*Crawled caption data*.
+-------+

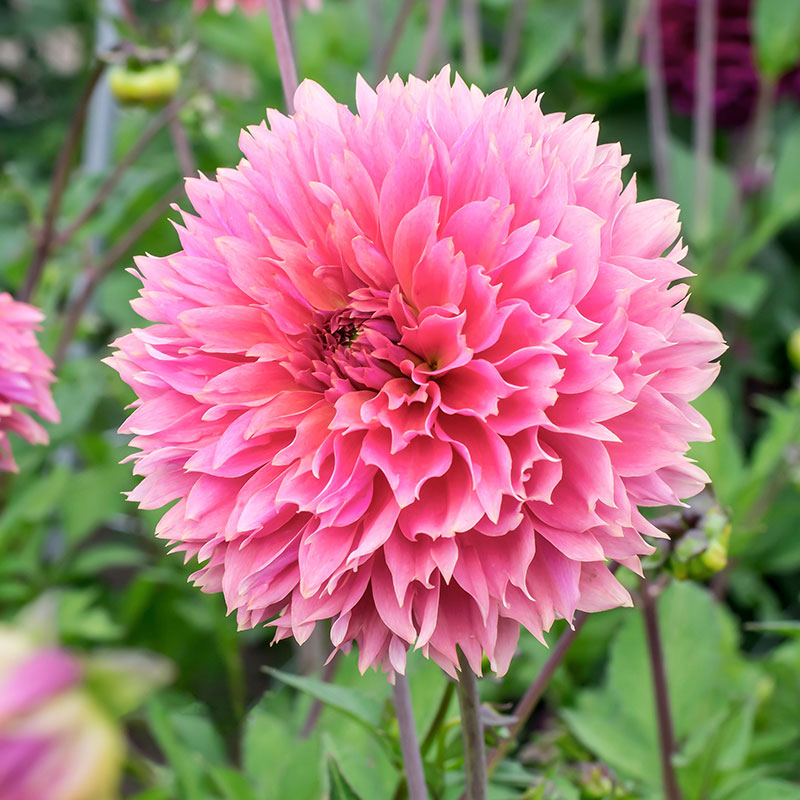 Sam van Schooten Dekorativdahlia ’Fubuki Sakura’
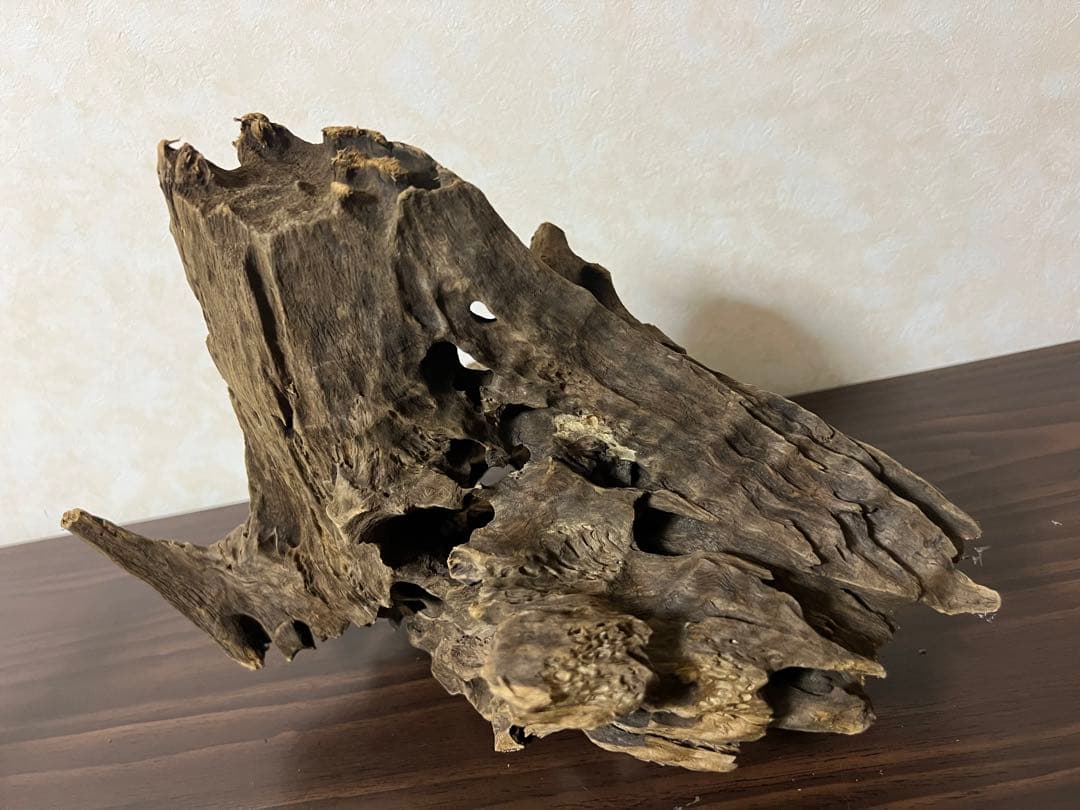 (XM-200) 流木　マシンガンウッド　アクアリウム　沈水確認済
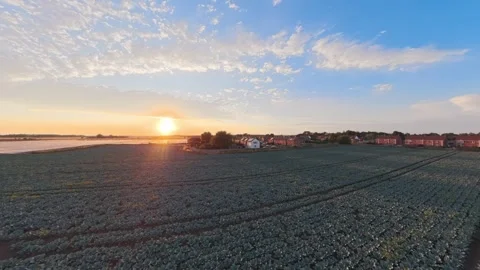 Golden sun dips low over quiet farmland Vidéo 342562243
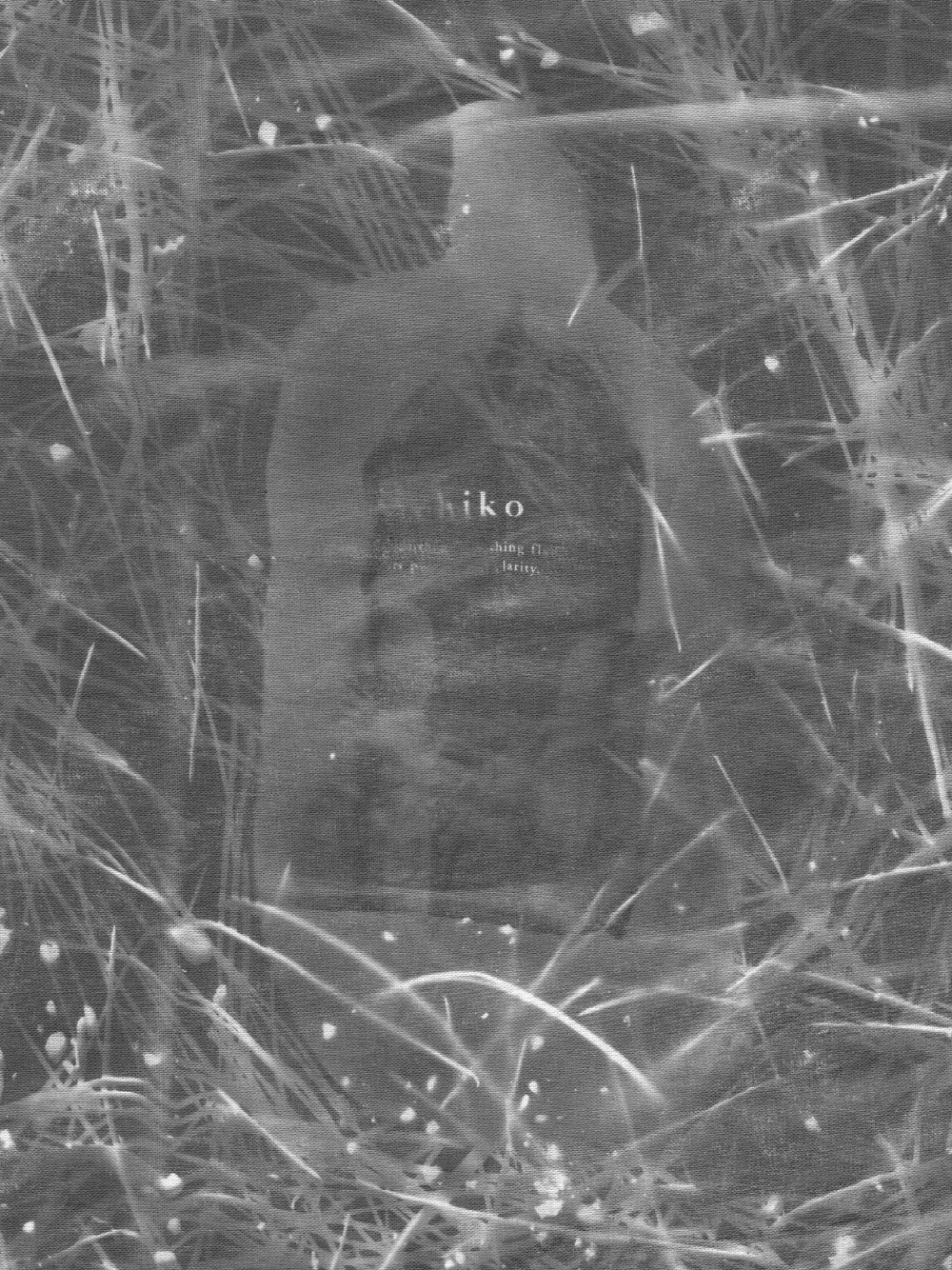 写真作品 1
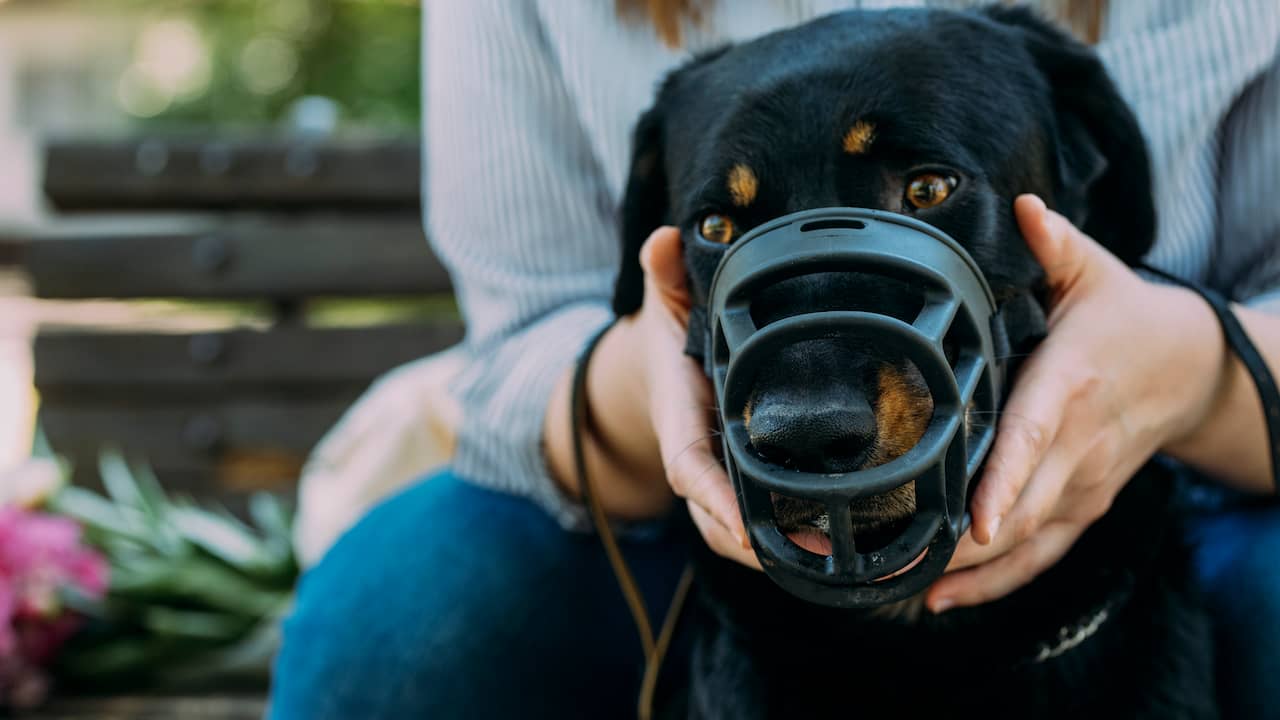 Kabinet onderzoekt verplichte gedragscursus voor baasjes met bijtgrage hond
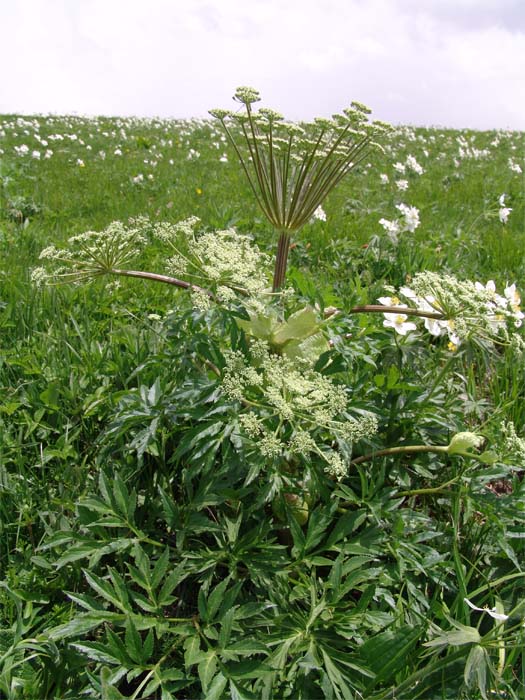 Image of Agasyllis latifolia specimen.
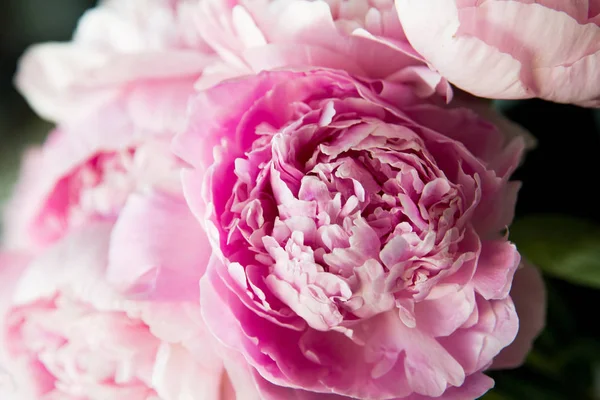 Roze Pioenrozen Bloesem Achtergrond Bloemen — Stockfoto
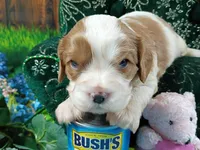 Robbie AKC, a male Cavalier King Charles Spaniel for sale in Killen, AL – Photo 5 of 10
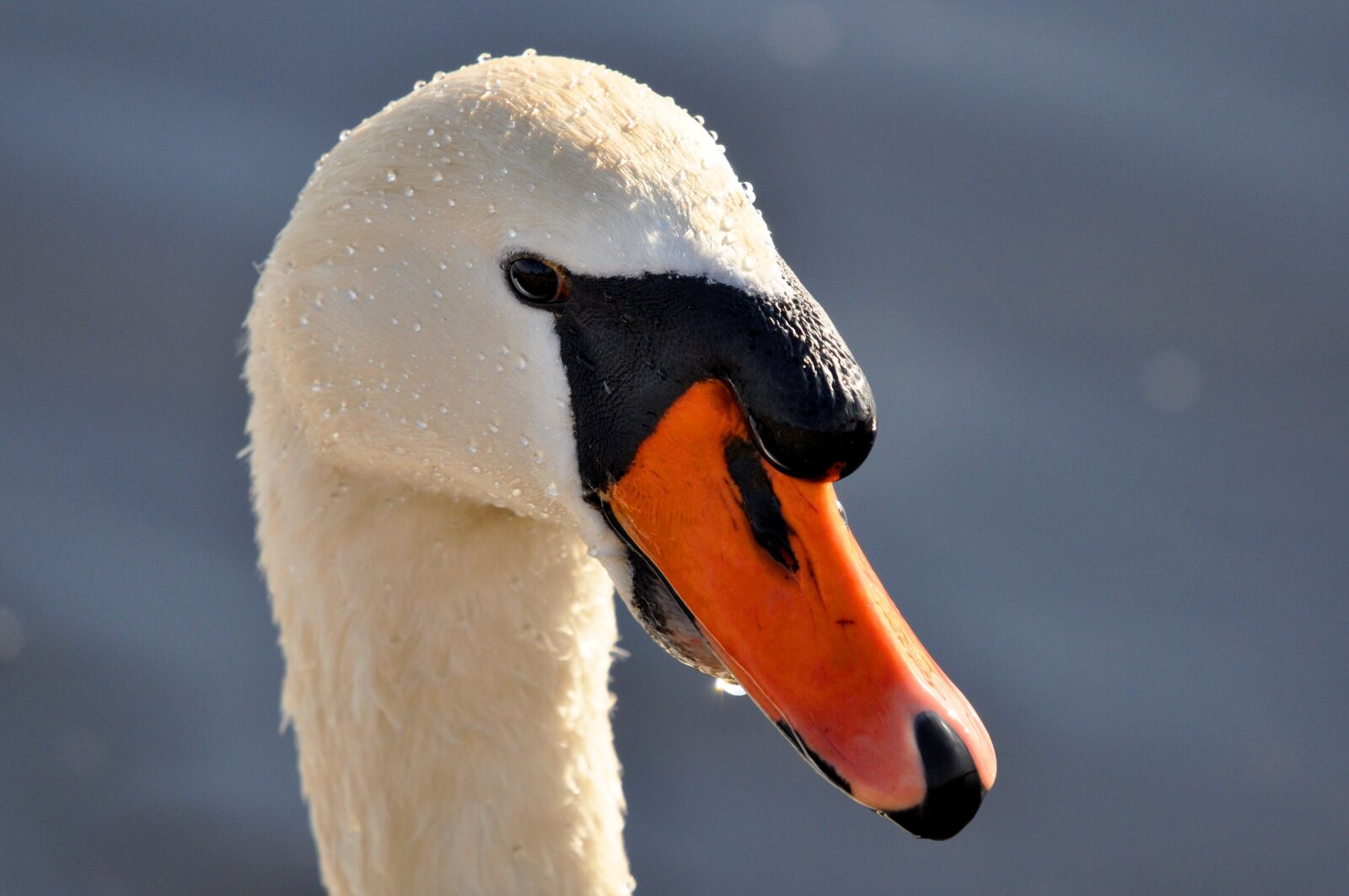Nikon D90 sample photo. Mute swan, swan, animal photography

+-------+

*What is expected*.
Beginning with the line that holds "(XM-200) 流木　マシンガンウッド　アクアリウム　沈水確認済" and continuing to the end of the entries above, set down each line exactly, both ends included; include no pictures.

*Task solution*.
 (XM-200) 流木　マシンガンウッド　アクアリウム　沈水確認済
 Golden sun dips low over quiet farmland Vidéo 342562243
 写真作品 1
 Kabinet onderzoekt verplichte gedragscursus voor baasjes met bijtgrage hond
 Image of Agasyllis latifolia specimen.
 Roze Pioenrozen Bloesem Achtergrond Bloemen — Stockfoto
 Robbie AKC, a male Cavalier King Charles Spaniel for sale in Killen, AL – Photo 5 of 10
Nikon D90 sample photo. Mute swan, swan, animal photography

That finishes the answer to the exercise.